■ **SUPPLIED ENTRIES**
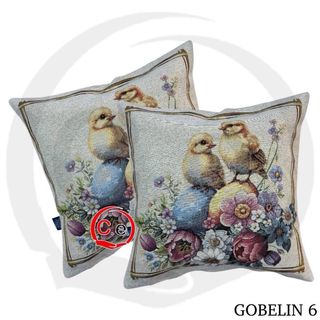 Coppia federe pasquali Vingi 3 fantasie differenti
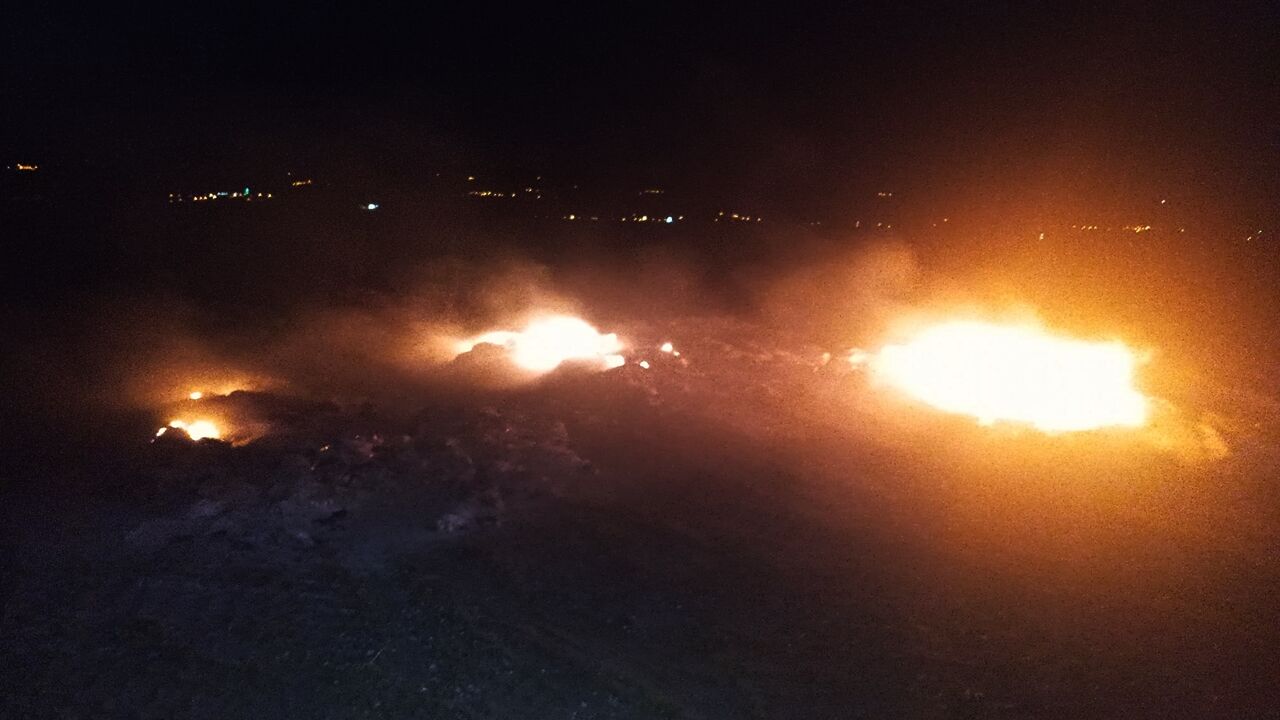 Taşköprü Çöplük Yangını (1)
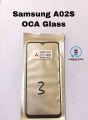 Samsung A02 / Samsung A02S / Samsung A10s / Samsung A11 / Samsung A750 / Samsung A22 OCA Glass 2 in 1 LCD Front Outer Screen Glass With OCA. 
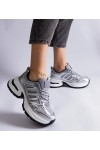 Sidabriniai Moteriški Sneakers Stiliaus Sportinio stiliaus Garza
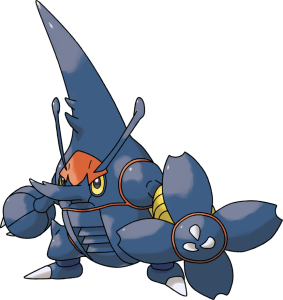 Heracross Pokemon Character Clipart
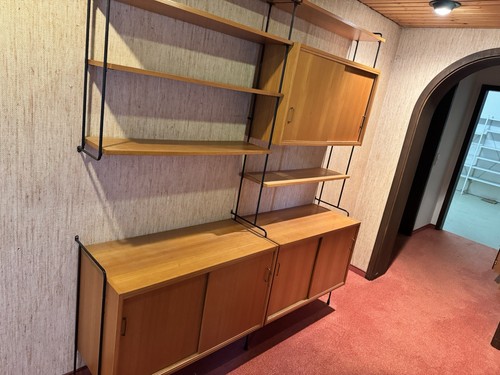 Regalsystem omnia 60er jahre - regalsystem,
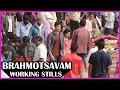 Brahmotsavam & Oopiri Movie Making Stills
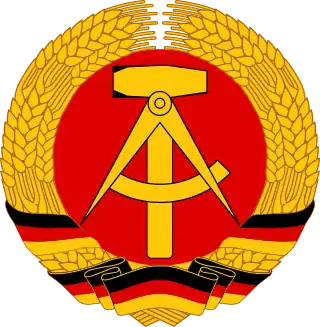Emblem (1955–1990) of East Germany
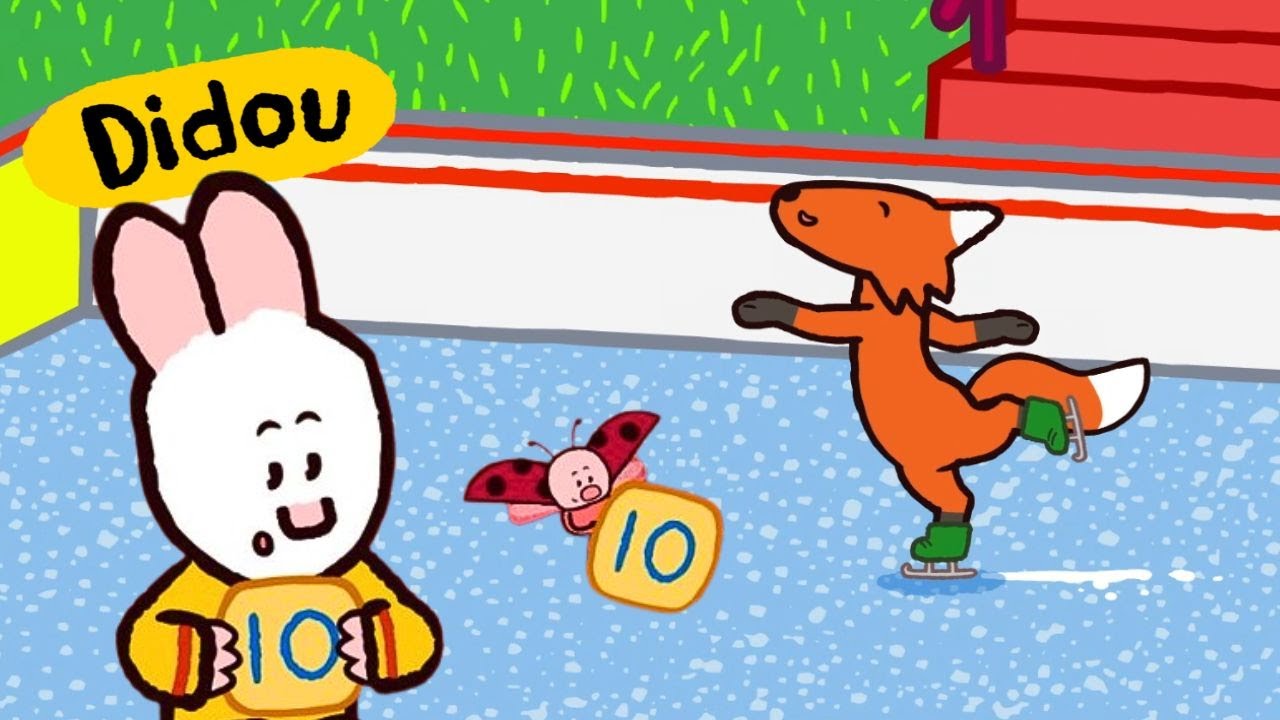 Didou, construis-moi une patinoire⛸️ | Compilation pour les enfants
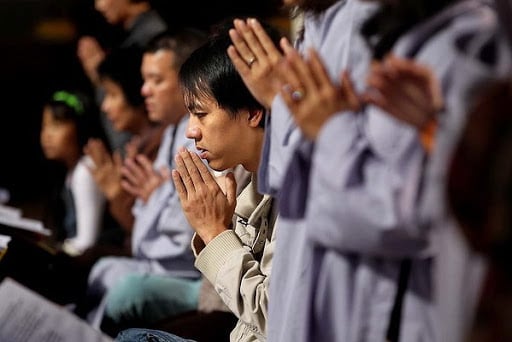 Có duyên với tu Thiền thì tu Thiền, có duyên với Tịnh độ thì tu Tịnh độ, không có gì phải hoang mang. Ảnh minh họa.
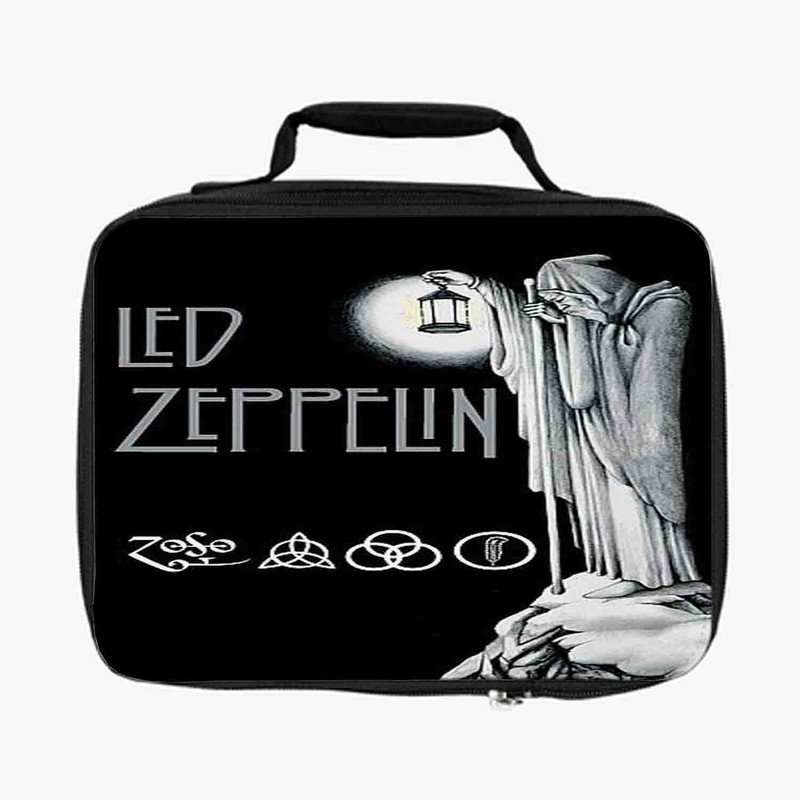 Zavstyle Led Zeppelin Stairway To Heaven Lunch Bag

■ **TASK DIRECTIONS**
Starting at the line that holds "Sidabriniai Moteriški Sneakers", retype every line through the end of the data, both ends included. Pictures stay out of the copy.

■ **ANSWER SPACE**
 Sidabriniai Moteriški Sneakers Stiliaus Sportinio stiliaus Garza
 Heracross Pokemon Character Clipart
 Regalsystem omnia 60er jahre - regalsystem,
 Brahmotsavam & Oopiri Movie Making Stills
Emblem (1955–1990) of East Germany
 Didou, construis-moi une patinoire⛸️ | Compilation pour les enfants
 Có duyên với tu Thiền thì tu Thiền, có duyên với Tịnh độ thì tu Tịnh độ, không có gì phải hoang mang. Ảnh minh họa.
 Zavstyle Led Zeppelin Stairway To Heaven Lunch Bag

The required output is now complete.